Pfam: Pfam
From Pfam: ``The Pfam database is a large collection of protein families, each represented by multiple sequence alignments and hidden Markov models (HMMs)"At the pfam website , click on help and read the section on scores. Then, in you own words, explain what pfam scores are and what E values mean in pfam and how they differ from E values in Blast. Then go back to the main page for pfam and click on Sequence Search and try out the example search given there. The first reported match is to the PH which should be a pattern described by an HMM. It would be natural for pfam to make the details of the HMM available from this search, but I could not find it. See if you can find the details of the HMM that was used for this match to PH. The HMMs used in pfam were created by a program called HMMER hmmer which you can look at and download if interested.
The next part of this lab concentrates on the Genscan gene finding program. This program uses Hidden Markov Models to predict genes from genomic DNA.
One of the most successful gene finding programs is Genscan. This program is built on the knowledge that genes show many structural similarities, especially on the organismal level. In addition, genomic organization can also be predicted using probabilistic models and can aid in gene-finding. Genscan uses Hidden Semi-Markov Models (HSMMs), similar to the HMMs discussed in lecture, to predict proteins. For those interested in learning more about the details of this type of program, check out this online audio and slide tutorial at home (since we have no audio), or just flip through the slides in lab. The tutorial is a bit dated at this point (it was probably put together around year 2000) since complete human genome reference sequence(s) are known now, providing additional information to build gene models, but the tutorial is still a good introduction to the use of Markov-type models to find features in sequences, and an introduction to Genscan in particular.
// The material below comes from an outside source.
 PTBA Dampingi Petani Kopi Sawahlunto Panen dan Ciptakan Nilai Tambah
Here you can find a description of GenomeScan (an extension of Genscan). Although this program is slightly different, please read the section “1. OVERVIEW OF GENOMESCAN” which gives a good description of the types of biological data used to build the models for both programs. There is additional documentation at the Genscan web page.
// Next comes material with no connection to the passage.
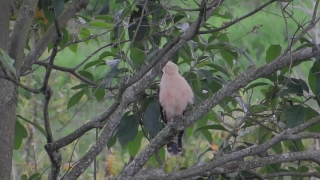 No Copyright Film Footage, Dove, Bird, Tree, Branch, Wildlife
Genscan was built using different sets of what is known as “training data”. Basically this is known genomic sequence that is used to generate the probabilities for the models used by the program. Remember in class how we talked about transition and emission probabilities? Well, they have to come from somewhere. The creators of Genscan used three separate sets of training data, Human, Arabidopsis, and Maize. When using the program you have to choose the model that is closest to the organism your sequence is coming from. For example, the makers of Genscan and GenomeScan report some success using the Human/Vertebrate models on Drosophila.
1. What problems can you see arising from using data from one species to build a predictive model of gene and genome structure for another?
2. How many predicted peptides did you find?
3. How many amino acids long is the third peptide?
Copy the amino acid sequence for the third putative protein and paste it into BLASTp (find it at BLAST ). Run the protein-protein BLAST on the non-redundant (nr) database.
4. What is the top hit? How many amino acids long is it? How does this compare to the Genscan predicted peptide?
Can you guess what’s going on here? How well do you think Genscan predicts Drosophila genes now? Refer back to your BLAST results. Do you see other hits with low E Values? There are quite a few with E Values of 0. If you have time, explore a few of these.
5. Any theories about what happened?
To accurately interpret and annotate raw genomic sequence, the best strategy is to use a combination of tools. For an idea of how this is done, check out GeneBander . You don’t have to read the whole page, but look at the example. It incorporates a lot of the technology and ideas we’ve covered this quarter, combining BLAST, CLUSTAL, Genscan, and other programs to provide the best possible predictive picture. It sure would have helped our search if we had included the BLAST information!